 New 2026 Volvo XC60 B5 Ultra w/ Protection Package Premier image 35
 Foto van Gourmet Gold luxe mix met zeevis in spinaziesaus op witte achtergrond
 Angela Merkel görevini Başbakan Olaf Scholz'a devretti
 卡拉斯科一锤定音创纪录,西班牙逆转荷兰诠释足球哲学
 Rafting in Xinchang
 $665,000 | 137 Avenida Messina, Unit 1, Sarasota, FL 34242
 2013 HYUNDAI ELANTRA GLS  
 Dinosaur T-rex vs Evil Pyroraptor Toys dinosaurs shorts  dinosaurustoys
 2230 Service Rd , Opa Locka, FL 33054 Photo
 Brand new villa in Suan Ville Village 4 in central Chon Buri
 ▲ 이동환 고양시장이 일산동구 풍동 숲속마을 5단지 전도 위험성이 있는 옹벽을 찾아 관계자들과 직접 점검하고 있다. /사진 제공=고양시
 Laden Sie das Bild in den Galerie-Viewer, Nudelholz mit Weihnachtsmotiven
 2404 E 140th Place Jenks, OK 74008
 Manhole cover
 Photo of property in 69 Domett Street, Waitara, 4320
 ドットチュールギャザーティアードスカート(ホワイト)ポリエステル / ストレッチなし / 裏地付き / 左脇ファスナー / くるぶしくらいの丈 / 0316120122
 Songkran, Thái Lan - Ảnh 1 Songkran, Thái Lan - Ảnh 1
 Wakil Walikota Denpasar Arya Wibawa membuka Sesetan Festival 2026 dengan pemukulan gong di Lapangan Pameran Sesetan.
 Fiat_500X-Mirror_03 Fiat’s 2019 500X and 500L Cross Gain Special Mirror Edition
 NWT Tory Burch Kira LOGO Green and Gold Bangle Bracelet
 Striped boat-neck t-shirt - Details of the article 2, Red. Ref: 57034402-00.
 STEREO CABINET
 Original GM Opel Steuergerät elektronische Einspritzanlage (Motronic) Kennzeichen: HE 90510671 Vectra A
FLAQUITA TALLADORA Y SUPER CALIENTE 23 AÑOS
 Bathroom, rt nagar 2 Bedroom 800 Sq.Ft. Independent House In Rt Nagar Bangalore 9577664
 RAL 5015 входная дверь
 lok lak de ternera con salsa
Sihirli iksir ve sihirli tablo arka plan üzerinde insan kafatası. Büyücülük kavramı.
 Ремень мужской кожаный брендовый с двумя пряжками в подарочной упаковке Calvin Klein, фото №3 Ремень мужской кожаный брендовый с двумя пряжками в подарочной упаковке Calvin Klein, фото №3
###
• TASK TO CARRY OUT
Everything from the first line of the data through the line containing "STEREO CABINET" should be echoed exactly. Add nothing.

• SOLUTION TO THIS EXERCISE
 New 2026 Volvo XC60 B5 Ultra w/ Protection Package Premier image 35
 Foto van Gourmet Gold luxe mix met zeevis in spinaziesaus op witte achtergrond
 Angela Merkel görevini Başbakan Olaf Scholz'a devretti
 卡拉斯科一锤定音创纪录,西班牙逆转荷兰诠释足球哲学
 Rafting in Xinchang
 $665,000 | 137 Avenida Messina, Unit 1, Sarasota, FL 34242
 2013 HYUNDAI ELANTRA GLS  
 Dinosaur T-rex vs Evil Pyroraptor Toys dinosaurs shorts  dinosaurustoys
 2230 Service Rd , Opa Locka, FL 33054 Photo
 Brand new villa in Suan Ville Village 4 in central Chon Buri
 ▲ 이동환 고양시장이 일산동구 풍동 숲속마을 5단지 전도 위험성이 있는 옹벽을 찾아 관계자들과 직접 점검하고 있다. /사진 제공=고양시
 Laden Sie das Bild in den Galerie-Viewer, Nudelholz mit Weihnachtsmotiven
 2404 E 140th Place Jenks, OK 74008
 Manhole cover
 Photo of property in 69 Domett Street, Waitara, 4320
 ドットチュールギャザーティアードスカート(ホワイト)ポリエステル / ストレッチなし / 裏地付き / 左脇ファスナー / くるぶしくらいの丈 / 0316120122
 Songkran, Thái Lan - Ảnh 1 Songkran, Thái Lan - Ảnh 1
 Wakil Walikota Denpasar Arya Wibawa membuka Sesetan Festival 2026 dengan pemukulan gong di Lapangan Pameran Sesetan.
 Fiat_500X-Mirror_03 Fiat’s 2019 500X and 500L Cross Gain Special Mirror Edition
 NWT Tory Burch Kira LOGO Green and Gold Bangle Bracelet
 Striped boat-neck t-shirt - Details of the article 2, Red. Ref: 57034402-00.
 STEREO CABINET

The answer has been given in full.